In general, there are two ways to address this: Fix the filelogs to be
correct, or fix all the uses of the filelog. The first can be done
without breaking compatibility, albeit at a performance cost. It can
also be done much better by introducing slight (flag-controlled) changes
to the revlog format, which will as a side-effect optimize metadata
access (currently used for file copies). Both solutions will be
described below.

Fixing everything else is much more complicated, as the Mercurial code
throughout tacitly assumes that the filelog has the 'subgraph property',
i.e. that it's a subgraph of the changelog. Note, that having this
property certainly has its benefits, most notably efficient access to
filelogs when using hg log <filename>. In this case, this is also the
problem: There are quite a few places where the code goes directly
through the filelog, instead of via the changelog, and merge is just one
of them. Changing this will also incur a performance penalty for all
those operations (more or less; merge should be the same, for instance).

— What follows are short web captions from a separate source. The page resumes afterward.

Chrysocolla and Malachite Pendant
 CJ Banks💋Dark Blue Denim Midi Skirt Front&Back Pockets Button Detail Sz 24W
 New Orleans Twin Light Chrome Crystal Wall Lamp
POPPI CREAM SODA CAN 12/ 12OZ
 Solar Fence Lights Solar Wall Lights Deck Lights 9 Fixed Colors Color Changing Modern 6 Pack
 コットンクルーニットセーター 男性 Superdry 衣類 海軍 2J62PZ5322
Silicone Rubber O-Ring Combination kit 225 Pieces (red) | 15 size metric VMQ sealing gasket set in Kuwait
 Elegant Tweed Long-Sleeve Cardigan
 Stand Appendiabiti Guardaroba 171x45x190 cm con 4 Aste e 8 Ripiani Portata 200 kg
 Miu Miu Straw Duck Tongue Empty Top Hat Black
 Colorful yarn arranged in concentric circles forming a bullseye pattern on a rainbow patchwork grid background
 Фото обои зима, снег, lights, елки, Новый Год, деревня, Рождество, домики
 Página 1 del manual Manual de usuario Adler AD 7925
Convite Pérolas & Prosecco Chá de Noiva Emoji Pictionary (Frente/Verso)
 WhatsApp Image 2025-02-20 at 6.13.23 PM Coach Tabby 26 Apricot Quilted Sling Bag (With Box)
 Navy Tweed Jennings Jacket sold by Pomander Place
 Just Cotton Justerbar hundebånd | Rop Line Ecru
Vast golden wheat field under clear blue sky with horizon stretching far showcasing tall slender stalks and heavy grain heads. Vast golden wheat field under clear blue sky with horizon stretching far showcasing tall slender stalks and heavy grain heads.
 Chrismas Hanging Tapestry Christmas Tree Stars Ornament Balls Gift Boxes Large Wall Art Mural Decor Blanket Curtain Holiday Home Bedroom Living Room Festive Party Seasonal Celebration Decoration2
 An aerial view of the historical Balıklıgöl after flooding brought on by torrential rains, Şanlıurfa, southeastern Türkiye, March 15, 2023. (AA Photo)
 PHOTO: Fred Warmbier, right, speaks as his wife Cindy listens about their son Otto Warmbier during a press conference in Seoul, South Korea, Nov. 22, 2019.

Finally, note that the manifest revlog currently has the same property,
but since the graph structure in it is never really used for anything,
this is not a problem.

2.1. FIXING THE FILE REVLOG

Both methods discussed below are based on "salting the file revlog",
i.e. making sure the hash is taken over more than the file data and the
parents. What exactly the salt should be is somewhat orthogonal to the
design, but we assume that it's based on commit data (message, date,
extra dictionary...), so as to uphold the following properties:

P1: If two commits with same parents are exactly identical, the revlogs
    on all three levels should be merged.

P2: If two commits with same parents (and files) differ in some way, be
    it date, branch, description or otherwise, no revlog merges should
    occur on any level.

Property P1 is nice to avoid duplicate commits. It holds in the current
system, and will hold with the solutions discussed below as well. P2
doesn't hold in the current system, but will (to an extent which can be
controlled by choosing what to include in the salt) hold in the
solutions below.

The salt can be a SHA1 of the chosen data, and used to update the file
revlog hash in some way ranging from simple exclusive-or to
a SHA1-update.

2.1.1. NON-BREAKING METHOD: USING EXISTING METADATA CAPABILITIES

Currently the filelogs have metadata that tracks whether the file has
been copied and the revision it has been copied from. If such metadata
exists, the file contents text will be rewritten to
"\1\n{metadata}\1\n{actual data}" This is the actual text that is hashed
so if we e.g. include a hash of the date, commit message, and the user
name in the metadata, the two different commits will be disambiguated,
and the file revlog graph will, in our example, be identical to the
changelog graph.

This means, in pseudo notation, that in localrepository._filecommit we
would add a:
"meta['salt'] = sha1(ctx.date()[0], ctx.description(), ctx.user())"
in an appropriate place. This, however, means that we need to strip away
the metadata for each file read, using a Python substring, making it
possibly slower (in filelog.read). We, furthermore, need to modify
filelog.cmp to always take the slow path for the same reason.

Doing this means that old and new clients can coexist seamlessly on the
same repository. Old clients will still write the collated revlogs if
"hash(text,p1, p2)" are the same (i.e. if the file has the same contents
and parents), but if the other revision has been written by a new
client, the revisions will not be collated.

It does, however, not give correct merges for already written revisions
that have been erroneously collated, nor will it give correct
annotations or graphlogs got those revisions.

The performance issues introduced by having to strip away metadata and
do string comparisons for each .cmp call could be mitigated by moving
the filelog data reading into C, returning a string tuple with the
metadata and file contents respectively. This will provide a good deal
of the same speed of the revlog change (see below), but without the
disadvantage of not working with older clients.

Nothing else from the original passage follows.